For one of my homework questions we were given a 16-puzzle and we had to find out if it is solvable; and then solve it. My 16-puzzle is
\begin{array}{|c|c|c|c|}\hline 1&2&3&4\\\hline 5&6& &11\\\hline 10&9&7&8\\\hline 13&14&15&12 \\\hline \end{array}
Now, I know all about parity of permutations and all that. I find the number of inversions. That'll be
$$ 0 + 0 + 0 + 0 + 0 + 0 + 4 + 3 + 2 + 0 + 0 + 1 + 1 + 1 +0 = 12 $$
Even. So this 16-puzzle can be solved. My confusion comes from when I slide my 7 tile upwards creating \begin{array}{|c|c|c|c|}\hline 1&2&3&4\\\hline 5&6&7&11\\\hline 10&9& &8\\\hline 13&14&15&12\\\hline \end{array}
Now if I check the number of inversions I get
$$ 0+0+0+0+0+0+0+3+2+1+0+1+1+1+0=9 $$
Which is odd. That shouldn't be possible though. Did I do something wrong?

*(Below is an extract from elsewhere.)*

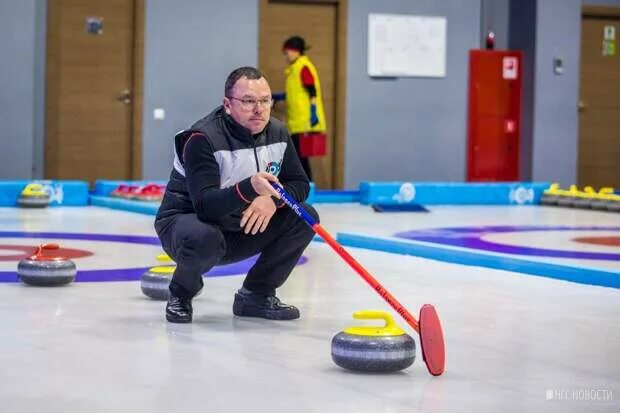 Спорт со шваброй. Керлинг спорт. Герман доронин керлинг. Вид спорта на льду со шваброй. Зимний спорт со швабрами.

As explained at Wikipedia, you forgot to add the taxicab distance of the empty square from the lower right corner to the parity of the permuation. It's not suprising that the permutation changes parity when you apply a transposition, as a transposition has negative parity. You also forgot to add the number of inversions for the empty square (fictitiously labeled $16$); it just so happens that your move doesn't change the parity of that number.